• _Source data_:
# # # # #
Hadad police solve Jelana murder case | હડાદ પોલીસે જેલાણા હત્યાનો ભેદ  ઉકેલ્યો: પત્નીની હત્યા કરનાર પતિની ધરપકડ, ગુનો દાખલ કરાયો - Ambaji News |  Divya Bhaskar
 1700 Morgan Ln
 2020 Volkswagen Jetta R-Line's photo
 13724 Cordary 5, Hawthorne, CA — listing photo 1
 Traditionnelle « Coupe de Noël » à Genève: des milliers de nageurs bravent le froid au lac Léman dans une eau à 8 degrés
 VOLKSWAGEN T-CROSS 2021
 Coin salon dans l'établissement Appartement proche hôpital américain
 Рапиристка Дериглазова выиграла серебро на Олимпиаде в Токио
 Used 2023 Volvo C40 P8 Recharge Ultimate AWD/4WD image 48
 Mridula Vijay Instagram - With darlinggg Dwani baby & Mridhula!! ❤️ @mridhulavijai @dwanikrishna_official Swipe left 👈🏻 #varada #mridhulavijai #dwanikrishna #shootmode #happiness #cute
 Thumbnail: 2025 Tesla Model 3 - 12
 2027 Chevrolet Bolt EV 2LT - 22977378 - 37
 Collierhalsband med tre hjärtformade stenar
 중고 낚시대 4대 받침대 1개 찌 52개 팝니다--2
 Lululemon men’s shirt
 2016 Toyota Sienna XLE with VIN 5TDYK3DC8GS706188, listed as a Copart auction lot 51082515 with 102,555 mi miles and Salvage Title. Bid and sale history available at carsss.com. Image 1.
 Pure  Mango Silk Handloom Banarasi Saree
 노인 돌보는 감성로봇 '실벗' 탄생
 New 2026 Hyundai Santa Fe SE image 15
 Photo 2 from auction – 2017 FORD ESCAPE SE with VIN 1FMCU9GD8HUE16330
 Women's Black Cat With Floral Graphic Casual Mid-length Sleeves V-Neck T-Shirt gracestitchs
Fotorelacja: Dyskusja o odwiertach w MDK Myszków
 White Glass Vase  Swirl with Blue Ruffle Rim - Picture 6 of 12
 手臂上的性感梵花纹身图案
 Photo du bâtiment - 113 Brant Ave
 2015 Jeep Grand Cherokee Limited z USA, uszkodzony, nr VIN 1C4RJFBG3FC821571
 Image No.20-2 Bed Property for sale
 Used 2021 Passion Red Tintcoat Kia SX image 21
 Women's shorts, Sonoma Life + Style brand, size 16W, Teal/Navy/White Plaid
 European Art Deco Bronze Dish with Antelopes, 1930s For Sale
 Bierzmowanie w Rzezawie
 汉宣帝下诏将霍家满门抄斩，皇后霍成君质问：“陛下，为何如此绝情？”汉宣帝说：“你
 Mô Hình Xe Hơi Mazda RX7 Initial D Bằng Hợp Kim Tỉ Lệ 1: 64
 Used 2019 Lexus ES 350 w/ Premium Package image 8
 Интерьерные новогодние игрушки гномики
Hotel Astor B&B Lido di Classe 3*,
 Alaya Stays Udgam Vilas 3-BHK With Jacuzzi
# # # # #
• _What is required_: Only the lines above starting at the line that holds "Fotorelacja: Dyskusja o" and ending at the line that holds "Image No.20-2 Bed Property for sale" are to be repeated, exactly and in full.

• _Answer for this exercise_:
Fotorelacja: Dyskusja o odwiertach w MDK Myszków
 White Glass Vase  Swirl with Blue Ruffle Rim - Picture 6 of 12
 手臂上的性感梵花纹身图案
 Photo du bâtiment - 113 Brant Ave
 2015 Jeep Grand Cherokee Limited z USA, uszkodzony, nr VIN 1C4RJFBG3FC821571
 Image No.20-2 Bed Property for sale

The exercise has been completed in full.